## [DESCRIPTION OF THE TASK]
Print the lines below from the line with "1461 Girard Street" to the line with "full length purple" exactly, keeping both ends, and print no pictures.

_ _ _ _ _

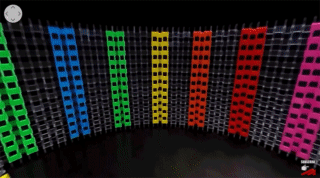Huge Colorful Dominos Falling GIF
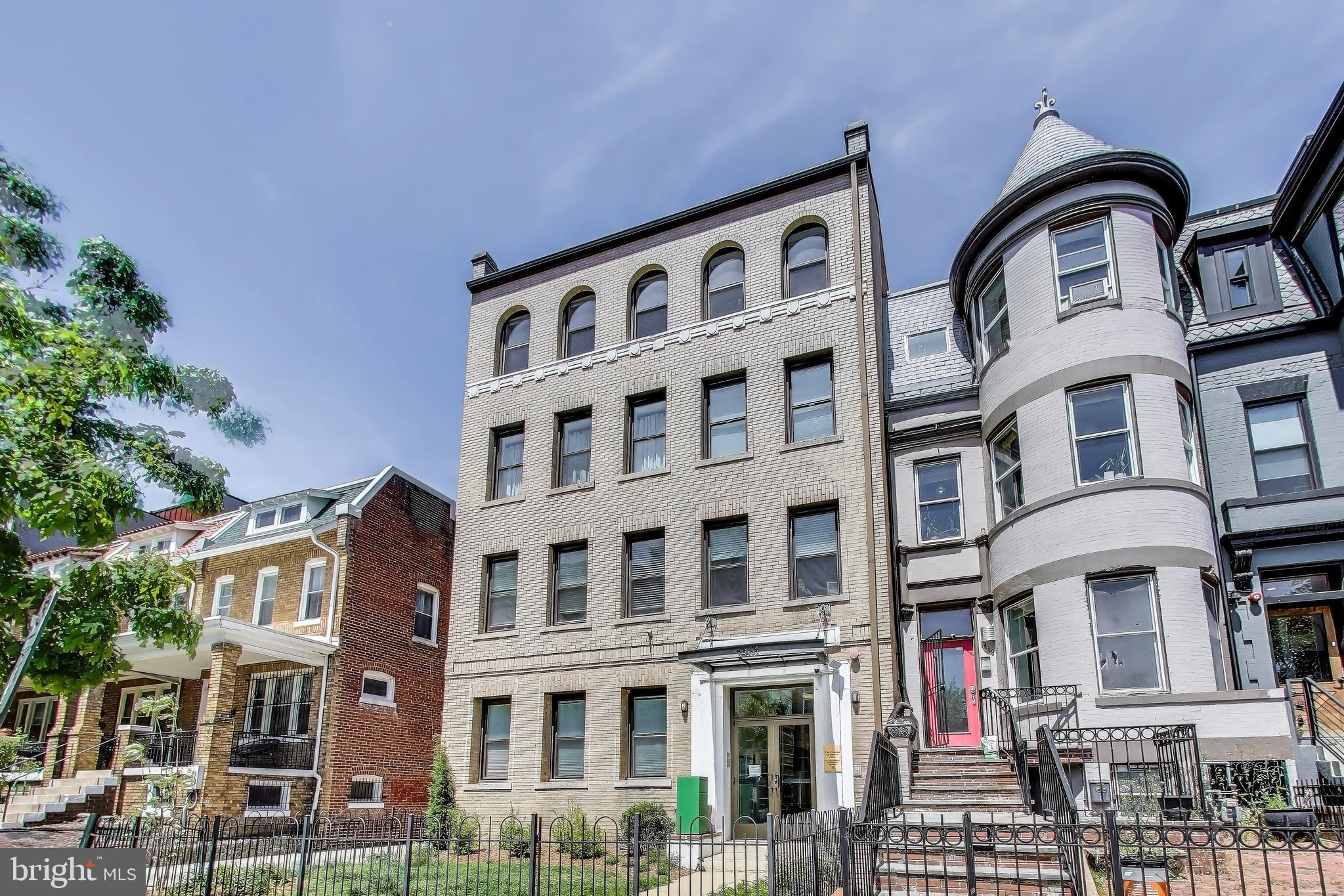 1461 Girard Street Northwest, Unit 400 Washington, DC 20009 - Photo 1 of 13 a front view of a multi story building
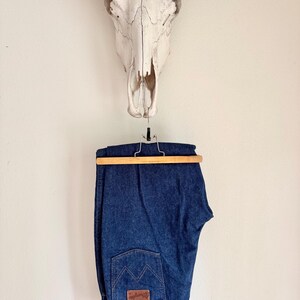 K&ouml;nnte beinhalten: Dunkelblaue Jeans aus Denim, die an einem Holzb&uuml;gel h&auml;ngen. Die Jeans haben ein klassisches F&uuml;nf-Taschen-Design mit einem braunen Lederaufn&auml;her auf der Ges&auml;&szlig;tasche. &Uuml;ber der Jeans ist ein Kuhsch&auml;del an der Wand befestigt.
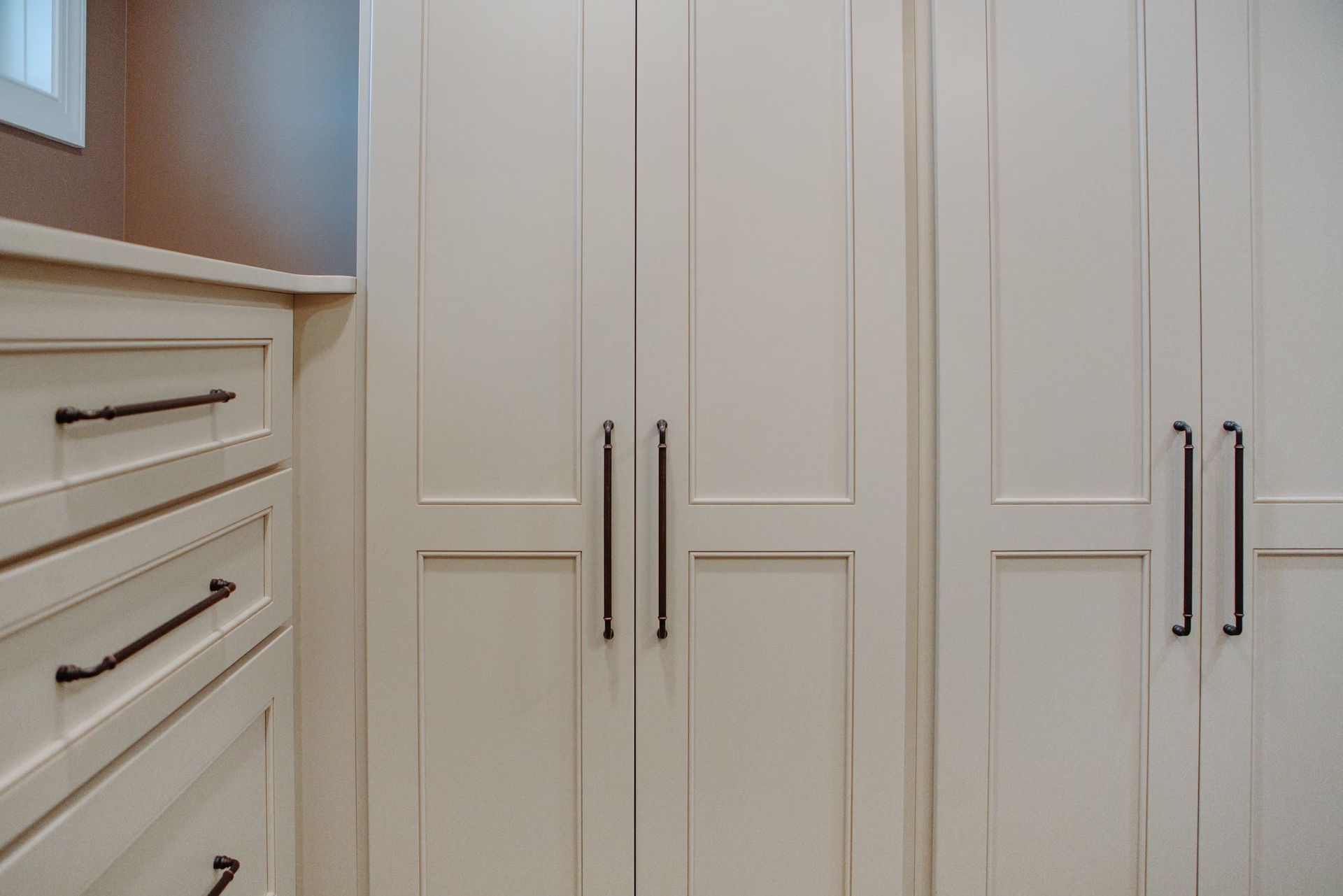 Cream-colored closet doors and dresser with black handles in a room, with natural light coming from a window.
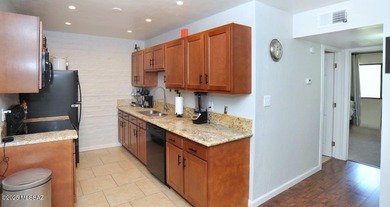 Lovely light and bright 2/bed 2/bath corner, upstairs condo with on Oro Valley Country Club in Arizona - for sale on GolfHomes.com, golf home, golf lot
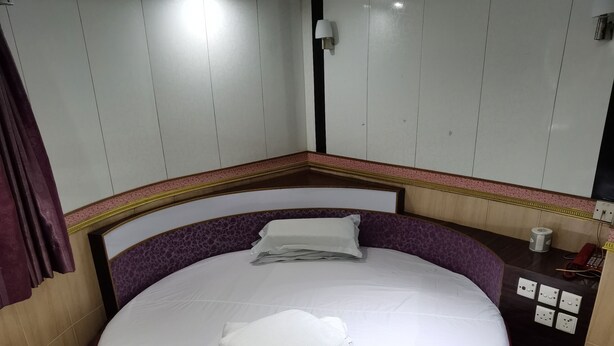 A round bed with white bedding and pillows, a headboard with a purple and yellow pattern, and a wall-mounted light fixture. - spanish hostel (Kowloon)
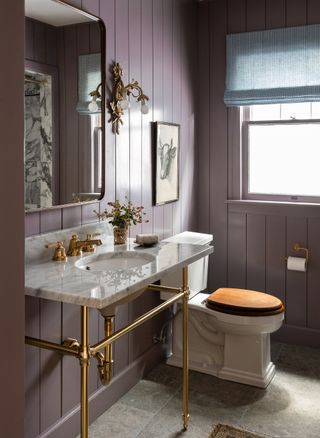 full length purple panels in bathroom with ceramic sink and WC
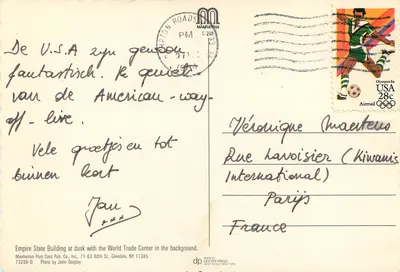 Empire State Building, Nowy Jork — widok zachodzącego słońca z World Trade Center w tle — Manhattan Post Card Pub., Inc. — Rewers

_ _ _ _ _

## [WRITTEN RESPONSE]
 1461 Girard Street Northwest, Unit 400 Washington, DC 20009 - Photo 1 of 13 a front view of a multi story building
 K&ouml;nnte beinhalten: Dunkelblaue Jeans aus Denim, die an einem Holzb&uuml;gel h&auml;ngen. Die Jeans haben ein klassisches F&uuml;nf-Taschen-Design mit einem braunen Lederaufn&auml;her auf der Ges&auml;&szlig;tasche. &Uuml;ber der Jeans ist ein Kuhsch&auml;del an der Wand befestigt.
 Cream-colored closet doors and dresser with black handles in a room, with natural light coming from a window.
 Lovely light and bright 2/bed 2/bath corner, upstairs condo with on Oro Valley Country Club in Arizona - for sale on GolfHomes.com, golf home, golf lot
 A round bed with white bedding and pillows, a headboard with a purple and yellow pattern, and a wall-mounted light fixture. - spanish hostel (Kowloon)
 full length purple panels in bathroom with ceramic sink and WC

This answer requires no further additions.